Judgment shall enter for the                                         defendant.

[1] Other charges, including assault and battery and assault and battery by means of a dangerous weapon, resulted in not guilty verdicts.


[2] We do not include the evidence introduced by the defendant in our consideration of the sufficiency of the Commonwealth’s case.

[3] The witness’s roommate testified that he understood the “200 new friends” to refer to the Lynn police department.  It is undisputed that there are approximately 200 police officers in the Lynn police department.

[4] The witness’s roommate, who was again present, recollected that this second meeting took place in the driveway, not inside the house.  The roommate testified that at this second meeting the witness appeared to be “[s]till a little nervous but not as nervous as the first conversation” and that the defendant seemed “relieved.”


[5] The evidence suggests that this telephone conversation was initiated by the police as a follow-up to their investigation of the confrontation.

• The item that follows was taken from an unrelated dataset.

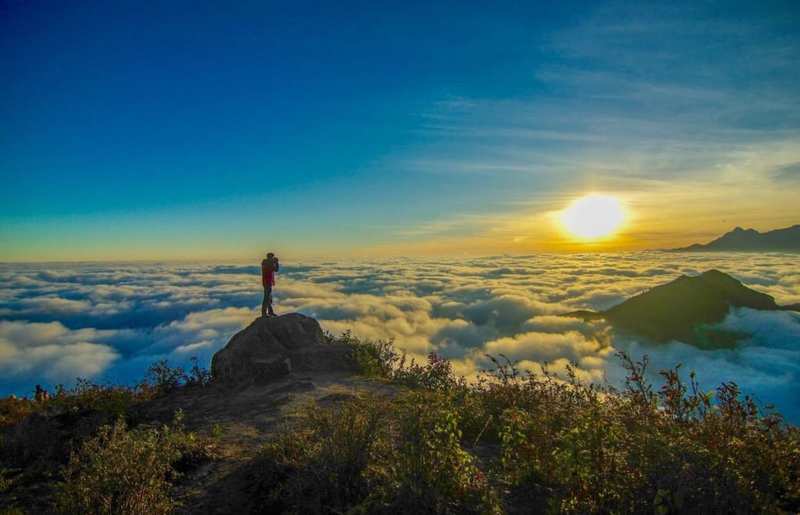 Bắt đầu hành trình chinh phục Bạch Mộc Lương Tử đầy thú vị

[6] Although the indictment tracks the statutory language (“misleads, intimidates or harasses”), the Commonwealth’s case was presented exclusively as involving either a promise of something of value, see G. L. c. 268, § 13B(1)(b), or intimidation. Thus the only issue on appeal is whether the defendant’s conduct supports a conviction of intimidation.  It is undisputed that this case involves “a witness . . . at any stage of a criminal investigation.”

[7] The claim was properly preserved at trial.

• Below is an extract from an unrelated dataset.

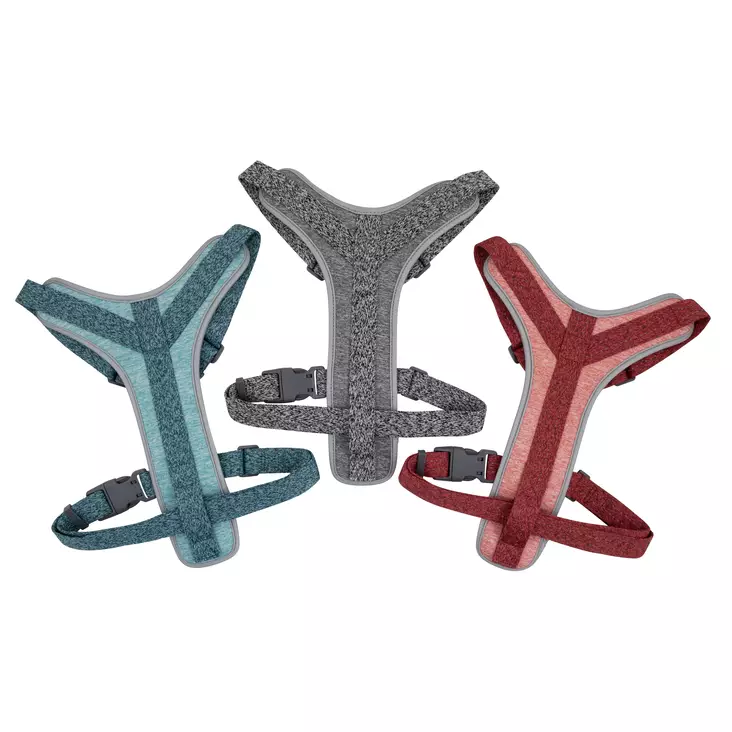 Daily Walker Y-valjas S 5-15kg - Koiran valjaat - 5700551142468 - 1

[8]We do not infer anything from the jury’s failure to check the special question form’s box labeled “offering something of value” except a failure to convict on that basis.  See Commonwealth v. Carlino, 449 Mass. 71, 79-80 (2007) (jury’s failure to check a box on special verdict form may be deemed neither a conviction nor an acquittal by “accident or supposition” for purposes of double jeopardy).  Our task is not to surmise the jury’s possible rationale, but rather to evaluate whether the evidence was legally sufficient to support a conviction of intimidation.

[9] The witness testified that the defendant said that he was a “fifteen year veteran, being on the Gang Unit,” and asked the witness to “keep it out of court.”

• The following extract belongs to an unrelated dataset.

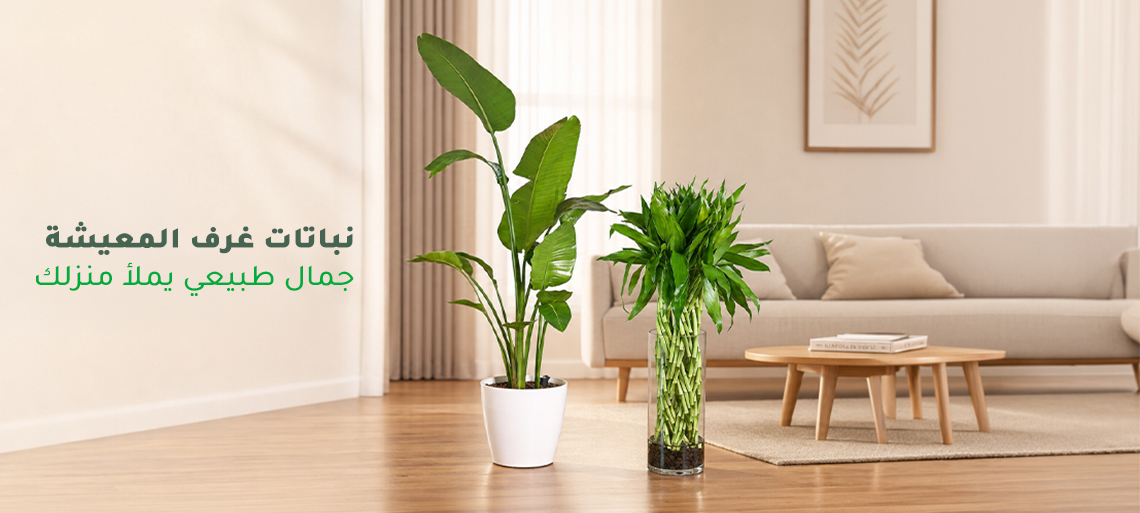 نباتات غرفة المعيشة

[10] On cross-examination the Commonwealth’s witness, the roommate, testified that the defendant “apologized again and again.”  Our cases do not specify whether testimony on cross-examination of the Commonwealth’s witness is considered part of the Commonwealth’s case-in-chief for purposes of a directed verdict, or is only to be included in the calculus of adequacy in a reappraisal of all the evidence after the defendant hasrested.  See, e.g., Commonwealth v. Kelley, 370 Mass. 147, 150 n.1 (1976).  Even, however, if we do not consider this portion of the roommate’s testimony at all, itleaves the record devoid of any evidence supporting an inference of a threatening or hostile demeanor.


[11] Unlike Commonwealth v. Perez, 460 Mass. 683, 703-704 (2011), this is not a case in which the record contains a history of abuse regularly inflicted by the defendant on the witness such that the witness could anticipate it would be continued.